We kept it up for more than two hours. Sheila took her time, looking thoughtfully at every picture. When she stopped at one in particular, her eyes narrowed. "Who's that?"

She handed me the photograph. On the left was my mother in a semi-obscene yellow bikini, I'd say, newish, looking very curvy. She had her arm around a short man with a dark mustache and happy smile.

"King Hussein," I said.

"Pardon me?"

I nodded.

"As in the kingdom of Jordan?"

"Yep. Mom and Dad saw him at the Fontainebleau in Miami."

"And?"

"Mom asked him if he'd pose for a picture."

"You're kidding."

"There's the proof."

"Didn't he have guards or something?"

"I guess she didn't look armed."

Sheila laughed. I remember Mom telling me about the incident.
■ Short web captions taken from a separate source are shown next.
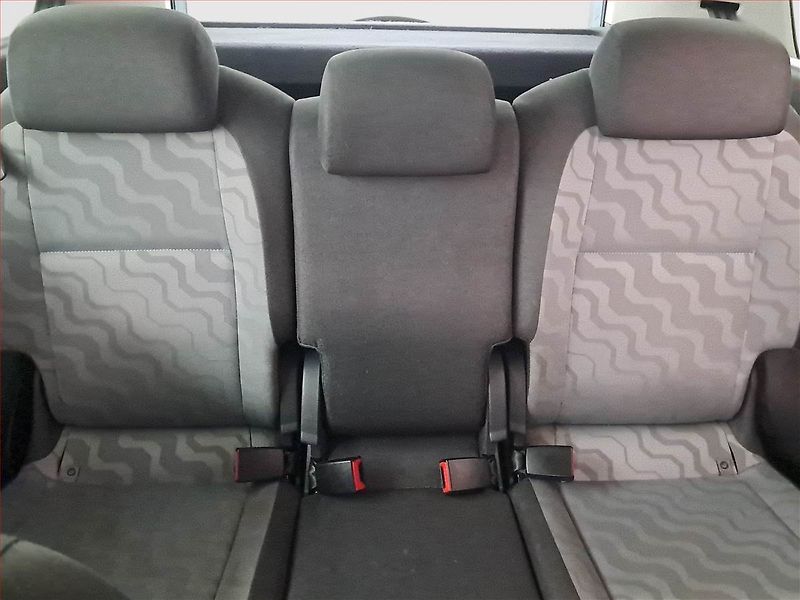 Škoda Roomster (2009) 1.2 12V, ČR,1.maj - fotka 10 z 17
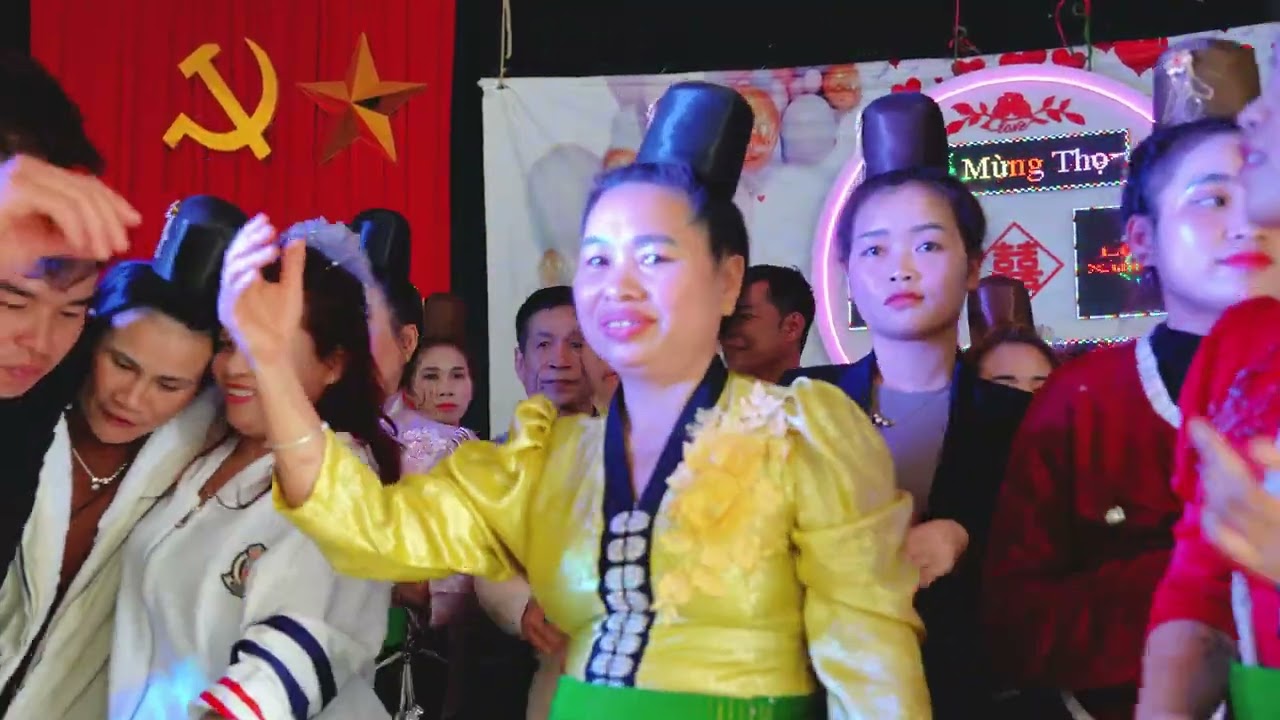 QUẨY TƯNG BỪNG LỄ MỪNG THỌ ÔNG BÀ LÃNH -XƯƠNG TẠI NHÀ VĂN HÓA BẢN CỤ - XÃ THUẬN CHÂU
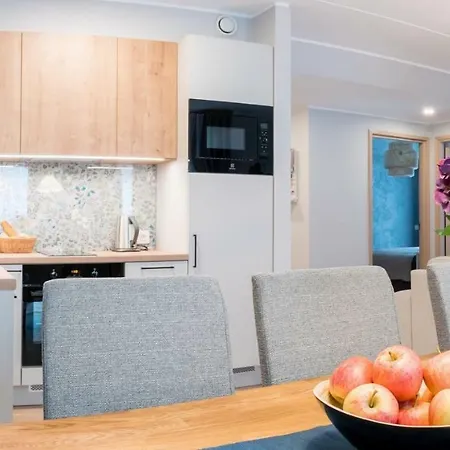 Cozy, 2 Bedroom With Free Parking *
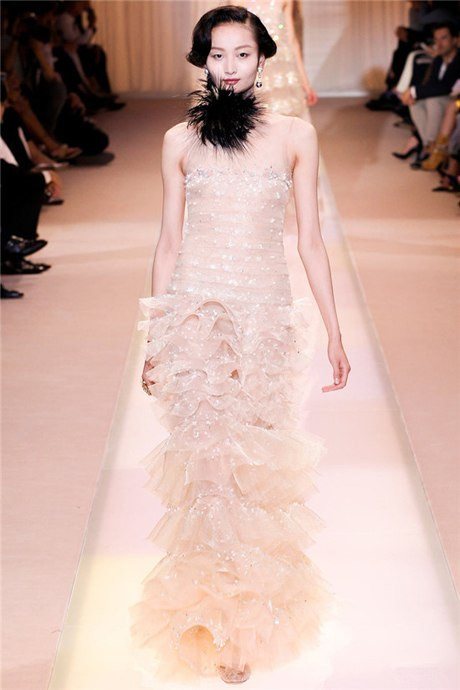 Siêu mẫu Lưu Húc tại show của Armani Prive tại Tuần thời trang Paris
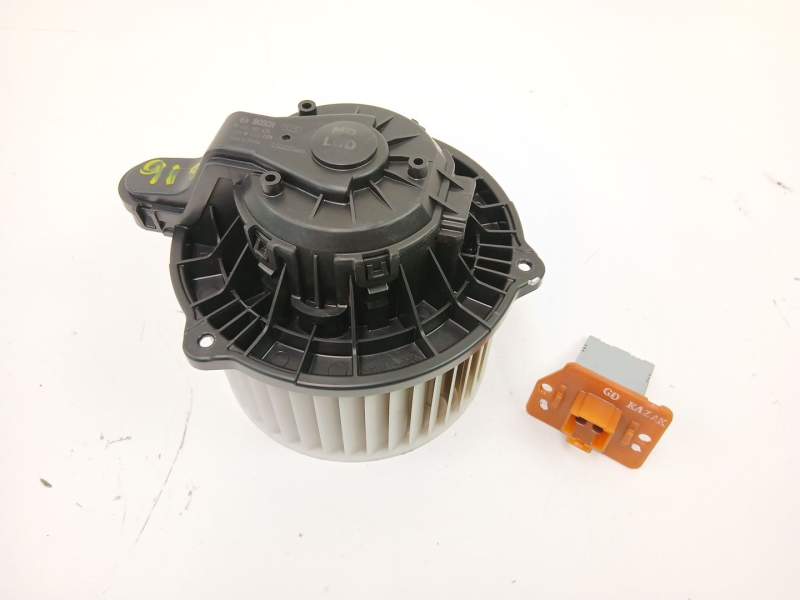 Recambio de motor calefaccion para kia cee´d (jd) 1.4 crdi 90 referencia OEM IAM 971133X000 F00S3B2474 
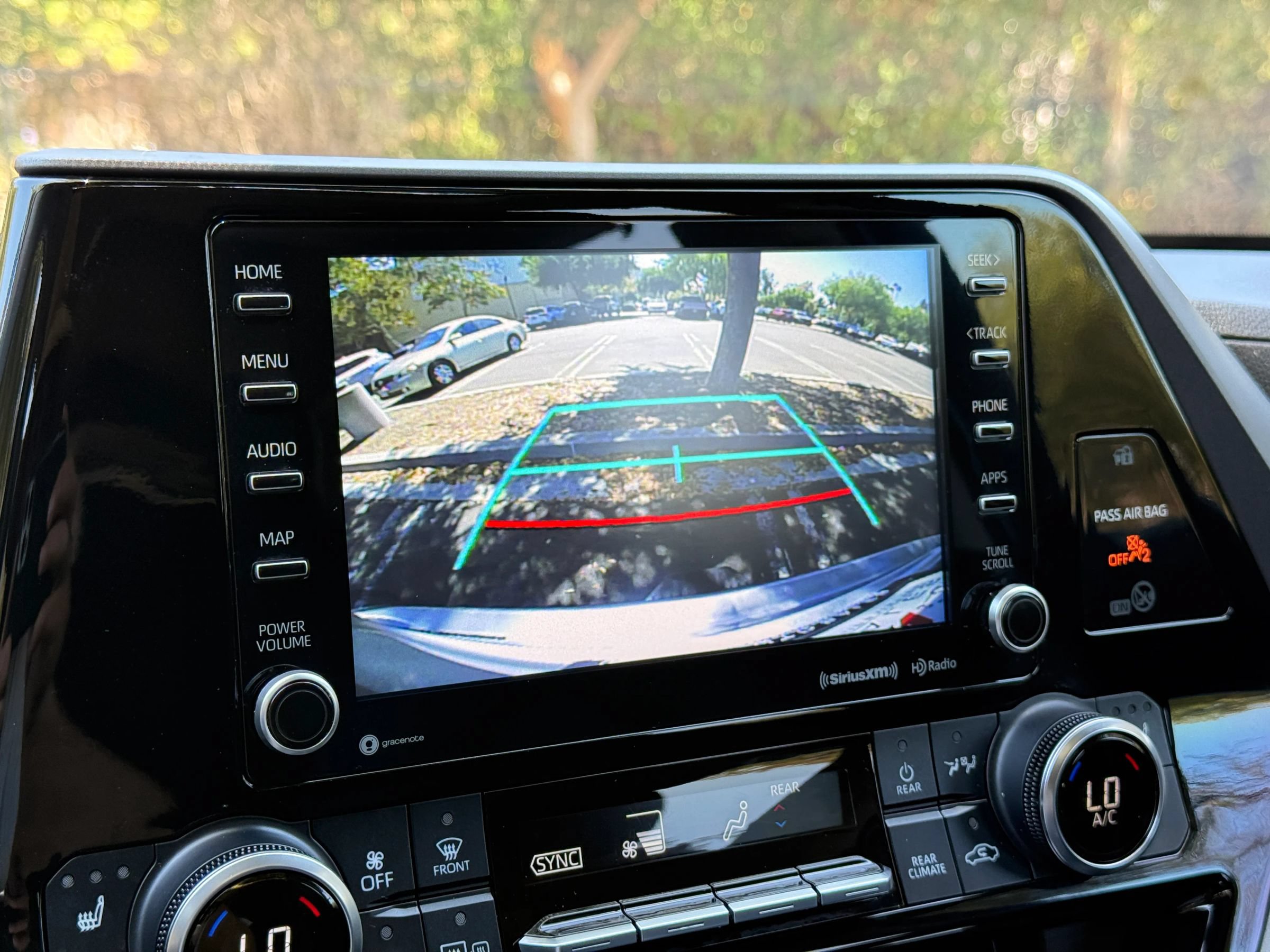 Used 2022 Toyota Highlander XLE FWD image 36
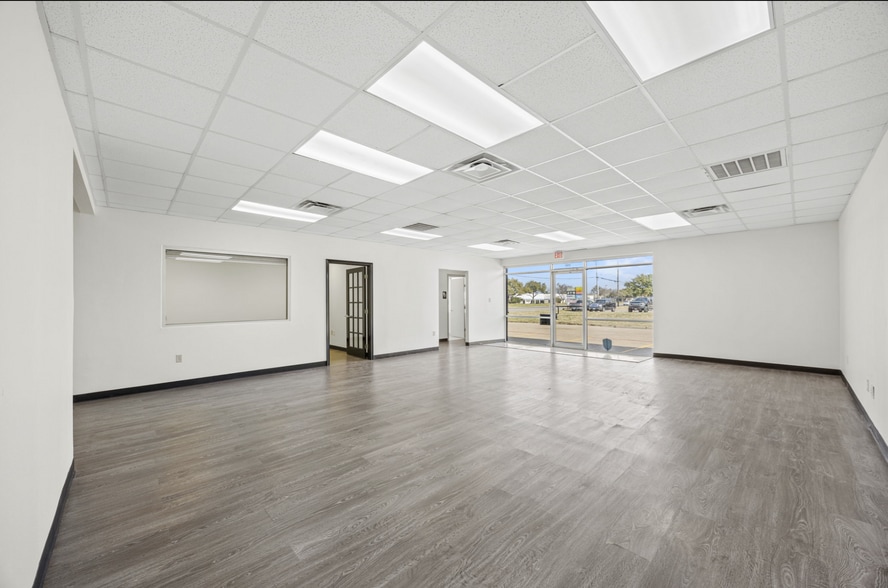 More Photos Of 1878 Royal Ln, Dallas Warehouse For Sale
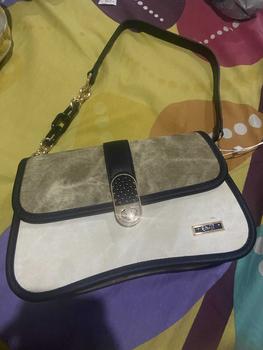 Product Review of En-ji Yuno Shoulderbag - Khaki from _**e 3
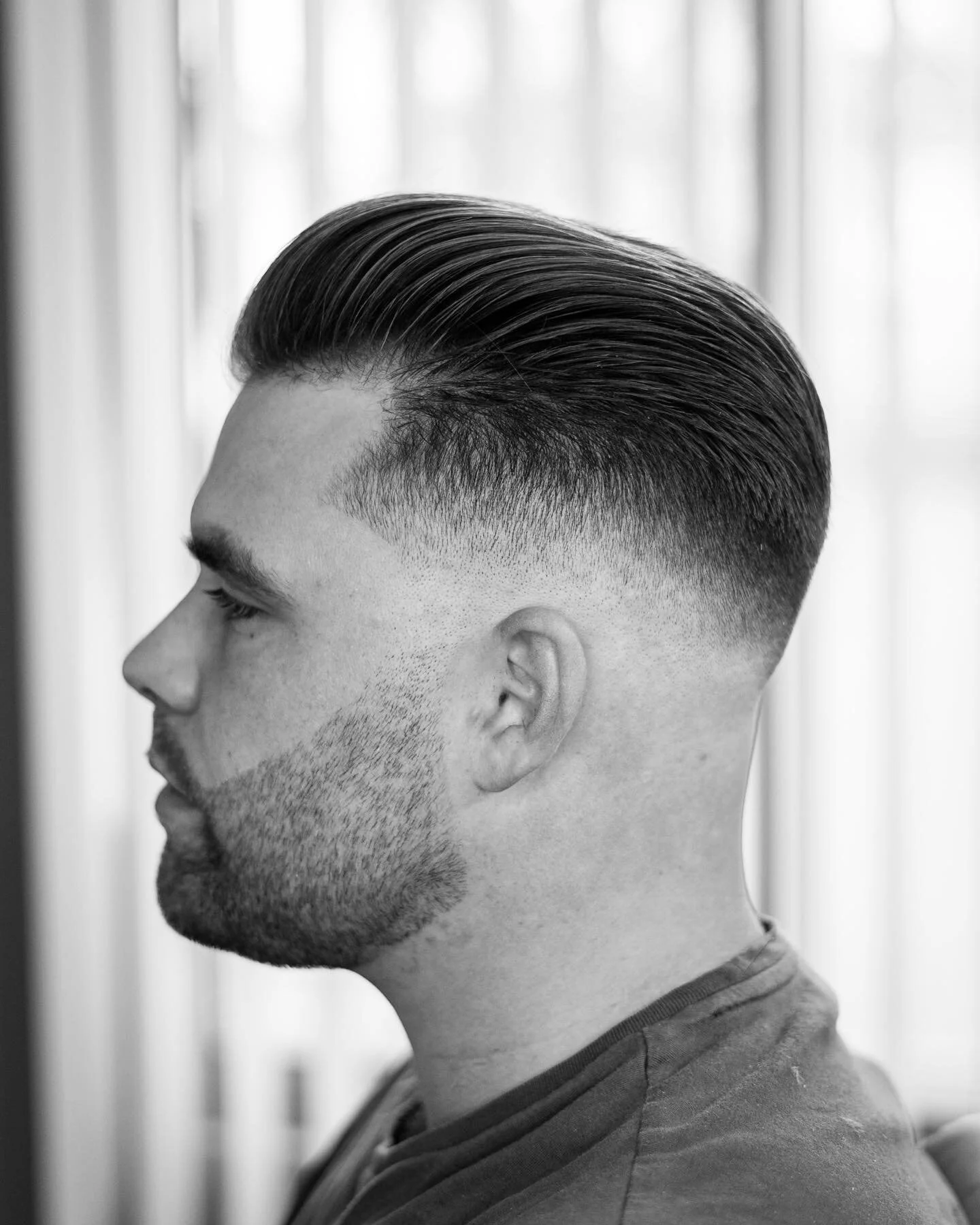 Straight flow styled with @uppercutdeluxe salt spray, topped with matte pomade
&bull;Book online&bull;
&bull;www.raulthebarber.com&bull;
&bull;Link in bio&bull;
.
.
.
.
 #uppercut #uppercutdeluxe #barbershopconnect #menshair #hair #mensstyle #art #bl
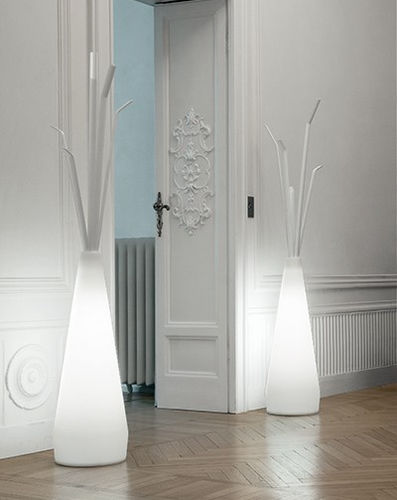 Appendiabiti da terra - Kadou - BONALDO - contemporaneo / in plastica / in metallo verniciato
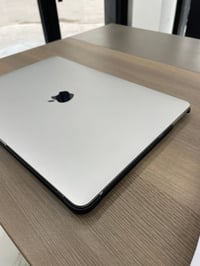 ماك بوك برو M2 • ٢٥٦جيجا رام٨ • بغداد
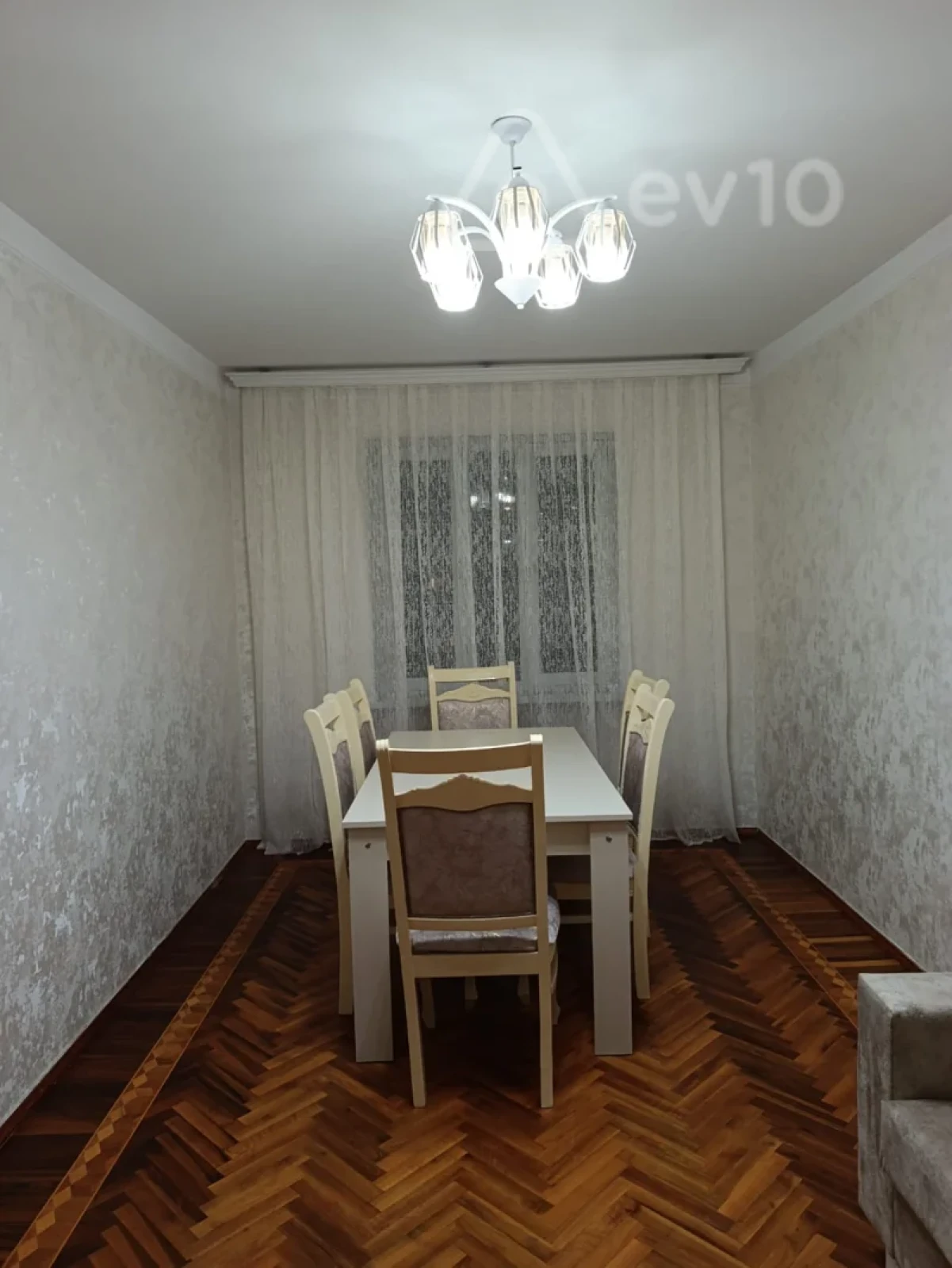 Kirayə verilir 3 otaqlı köhnə tikili 85 m²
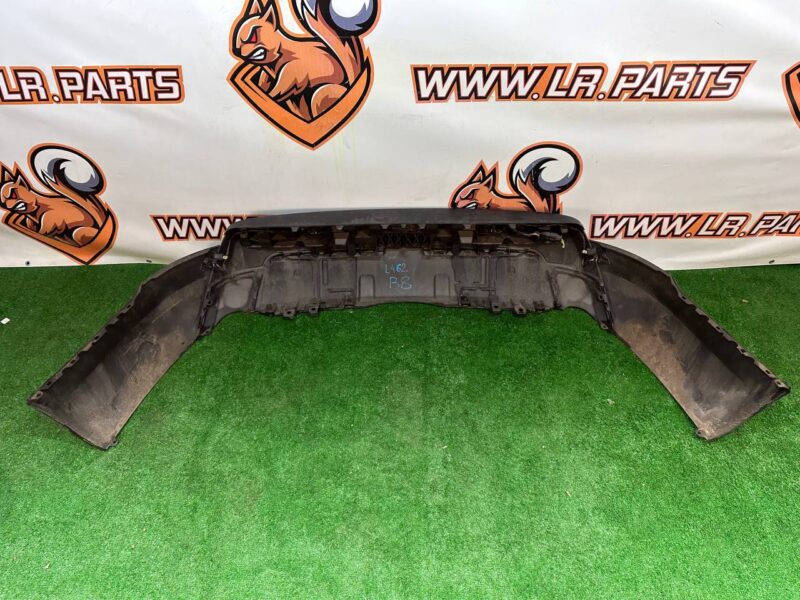 LR083022 Rear bumper Land Rover Discovery 5 L462 Used cost 300 € in stock 2 pcs.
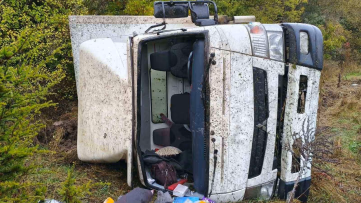 Bilecik'te kamyon ormanlık alana devrildi: 2 yaralı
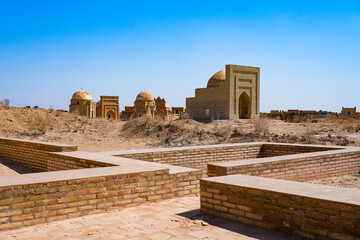 Obraz premium Mizdakhan Necropolis : Ancient tombs and mausoleums in Karakalpakstan, Uzbekistan, Central Asia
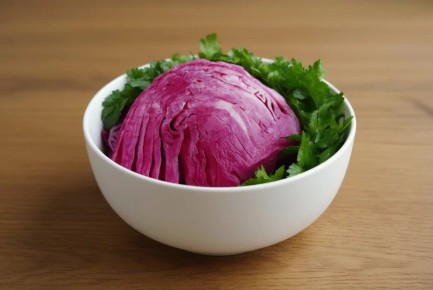 Квашеная капуста с яркой ноткой свеклы и пряным перцем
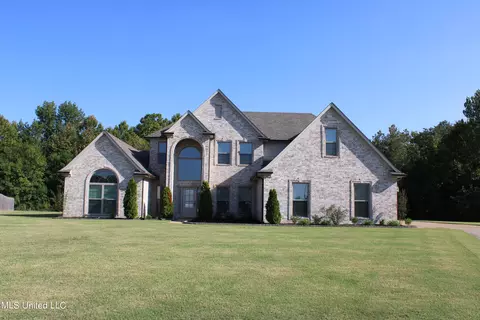 912 Lanere Dr, Olive Branch, MS 38654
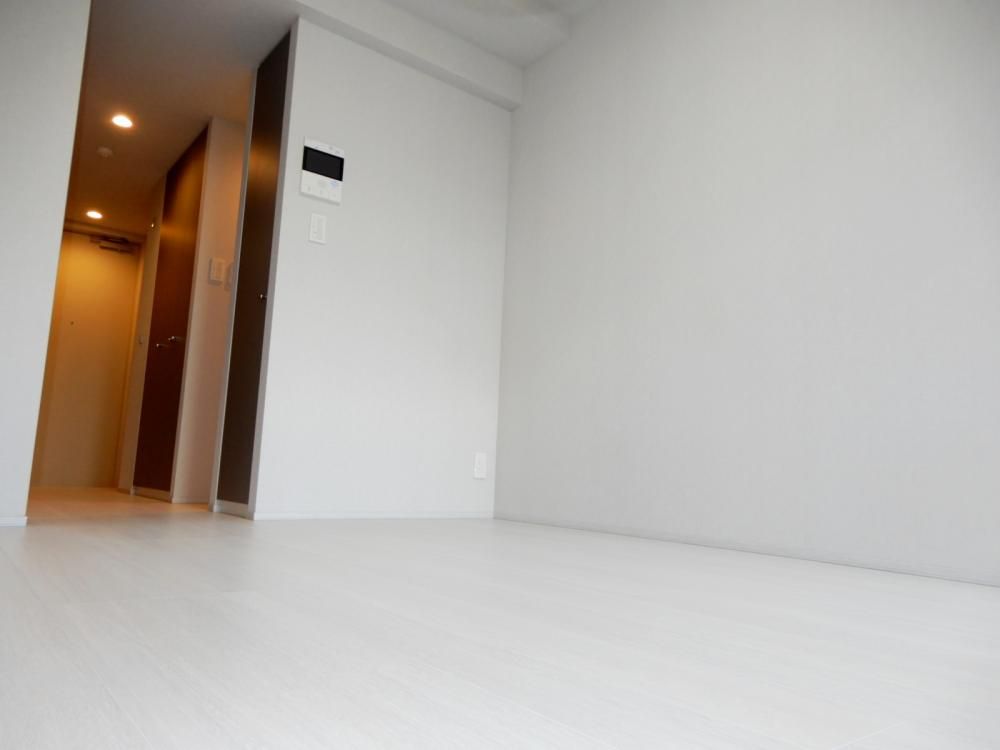 �y�Z�L�����e�B�z�@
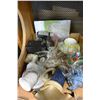 Image 2 : TRAY OF COLLECTIBLE CHINA, CAMERAS, ETC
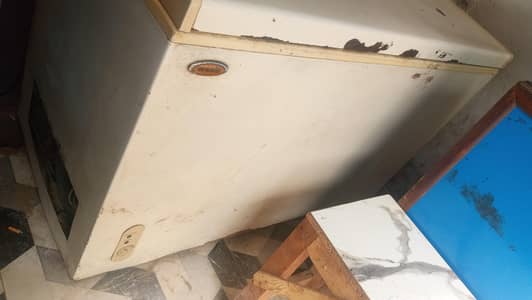 waves refrigerator for sell In used condition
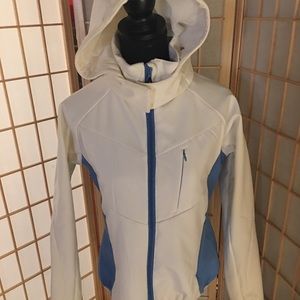 Denali - wt/ blu jacket.💦💧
Her posing with King Hussein, Dad's camera not working, his muttering under his breath, his trying to fix it, her glaring at him to hurry, the king standing patiently, his chief of security checking the camera, finding the problem, fixing it, handing it back to Dad.

My mom, Sunny.

"She was so lovely," Sheila said.

It's an awful cliche to say that a part of her died when they found Julie Miller's body, but the thing about cliches is that they're often dead-on. My mother's crackle quieted, smothered. After hearing about the murder, she never threw a tantrum or cried hysterically. I often wish she had. My volatile mother became frighteningly even. Her whole manner became flat, monotone passionless would be the best way to describe it which in someone like her was more agonizing to witness than the most bizarre histrionics.

The front doorbell rang. I looked out the bedroom window and saw the Eppes-Essen delivery van.